Recensione The Canyons (2013)

Approda al Lido, fuori concorso, l'atteso film-scandalo di Paul Schrader scritto da Bret Easton Ellis: The Canyons vuole essere una ricognizione su ambiguità, macchinazioni e giochi di potere dell'ambiente hollywoodiano, che però scivola nel kitsch e annoia.

Sesso, bugie e poco cinema

Hollywood, ai giorni nostri. Il giovane produttore Christian sta facendo il casting per il suo nuovo film, un prodotto di genere che dovrebbe risollevarlo dalle recenti difficoltà finanziarie. Christian decide di ascoltare la segnalazione della sua amica Gina assumendo, in un ruolo importante, il di lei giovane compagno Ryan, attore poco noto che cerca l'occasione di una vita. La cena che suggella l'accordo, in cui sono presenti, oltre a Ryan e Gina, Christian e la compagna di questi, Tara, attrice che ha rinunciato a recitare, si rivela più tesa del previsto. Dal passato dei quattro iniziano ad emergere eventi e segreti inconfessabili, in parte focalizzati sulla passata, e mai rivelata, relazione tra Ryan e Tara. La gelosia, il carattere instabile e la brama di potere di Christian, finiranno per trascinare i quattro in un vortice inarrestabile di inganni e violenza.


L'atteso film-scandalo (qualsiasi cosa ciò voglia dire) di Paul Schrader è finalmente approdato al Lido. La curiosità (mista a scetticismo) più che originata dall'assistere alla nuova regia di uno dei protagonisti della New Hollywood, derivava dalle peculiarità del plot (una miscela di sesso e potere nella Mecca di Hollywood), dalla sceneggiatura di Bret Easton Ellis, nonché dalla presenza, come coppia protagonista, del pornodivo James Deen e della ex bambina prodigio di Hollywood Lindsay Lohan. Le traversie produttive, che hanno visto un drastico ridimensionamento del budget, nonché i poco lusinghieri giudizi d'oltreoceano, hanno aumentato lo scetticismo su questo The Canyons, opera che ha goduto di un raro hype negativo per la sua presentazione veneziana: nonostante ciò, il film di Schrader parte bene, con una serie di suggestive inquadrature in bianco e nero su sale cinematografiche dismesse, in sobborghi hollywoodiani dall'aspetto spettrale che riecheggiano le scenografie de L'ultimo spettacolo di Peter Bogdanovich.
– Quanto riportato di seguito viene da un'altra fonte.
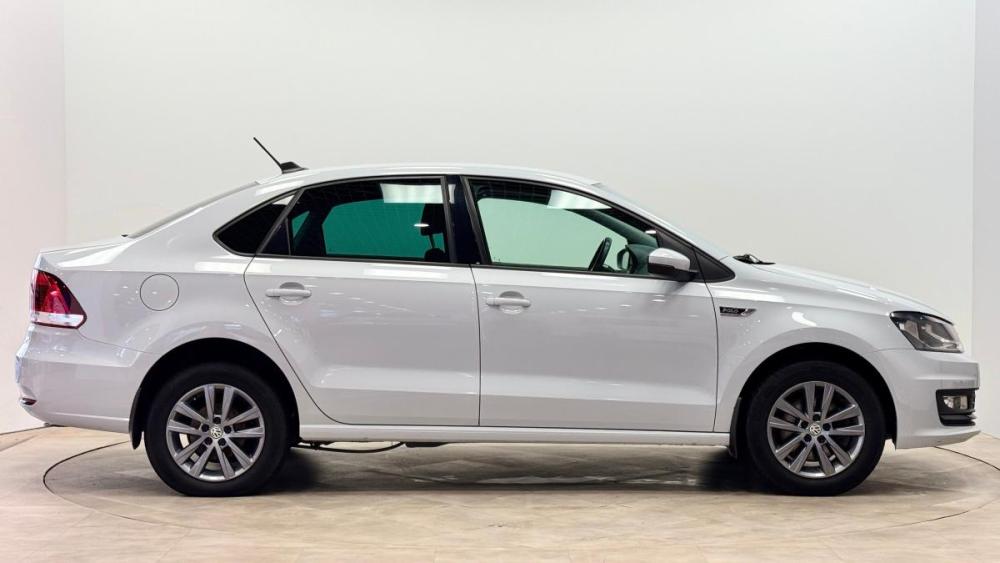 Volkswagen Polo V Рестайлинг Киров  - изображение 6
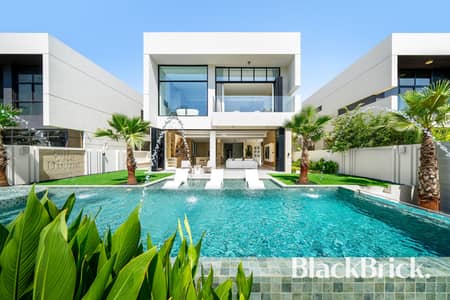 4 Bedroom Villa for Sale in DAMAC Hills, Dubai - Show-Stopping Designer Home With Golf Views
Quando, poi, si immerge nella sostanza della storia, il film mostra tutti i temi cari ad Ellis: il potere, l'ambiguità delle pulsioni sessuali, la vacuità degli status symbol borghesi, uniti alla celebrazione della morte (metaforica) del cinema, nell'oggetto di un film che si fa semplice strumento per le diverse macchinazioni dei protagonisti.

Tuttavia, la sceneggiatura di Ellis sceglie di complicare inutilmente quella che è una storia semplice (persino banale, diremmo) incentrata sostanzialmente sulla gelosia e sulla disperata brama di potere di un figlio della upper class americana. Il contorno di personaggi inutili (tra i quali lo psichiatra interpretato da Gus Van Sant) non aiuta lo script a focalizzarsi sui suoi temi portanti, accompagnando la graduale deriva nel kitsch della vicenda: aumentata, di suo, dalle poco esaltanti prove attoriali di un Deen a tratti involontariamente comico, e di una appesantita Lohan, il cui riscatto artistico, dopo le note vicissitudini legali, tarda ancora a giungere. E' l'affresco generale proposto da Schrader ed Ellis a non convincere, al di là di una componente erotica in realtà solo accennata: se si voleva raccontare la morte del cinema, schiacciato dall'avidità personale, e dalle debolezze e crudeltà dei suoi protagonisti, si doveva scegliere un registro diverso. In realtà, se è vero che dal film emerge la natura di semplice mezzo (anziché di obiettivo) dell'ipotetica pellicola da cui tutto muove, è vero anche che questa componente resta slegata dal cuore della narrazione; questa, già dai primi minuti, non fa che mettere in scena un debole intrigo di gelosie e tradimenti, animate da personaggi poco più che macchiettistici, e contrappuntata da scene di sesso (poche) che sembrano semplici concessioni al gusto kinky del progetto.
La reazione della platea stampa veneziana, che ha subissato i titoli di coda del film di fischi e risate, è probabilmente eccessiva. Non è, The Canyons, lo scult tale da provocare sberleffi e ilarità, né il maldestro tentativo di provocazione che meriti una derisione tanto spinta: è semplicemente, nella sua realizzazione, un film non riuscito, che tenta di mettere in scena un certo mondo, e il suo contesto sociale, attraverso la sovra-esposizione grottesca. Non funziona, e la sua messa in scena provoca noia anziché scuotere. Dirlo, al netto del rispetto che continuiamo a provare per un cineasta come Schrader (e per la sua carriera) ci sembra comunque doveroso.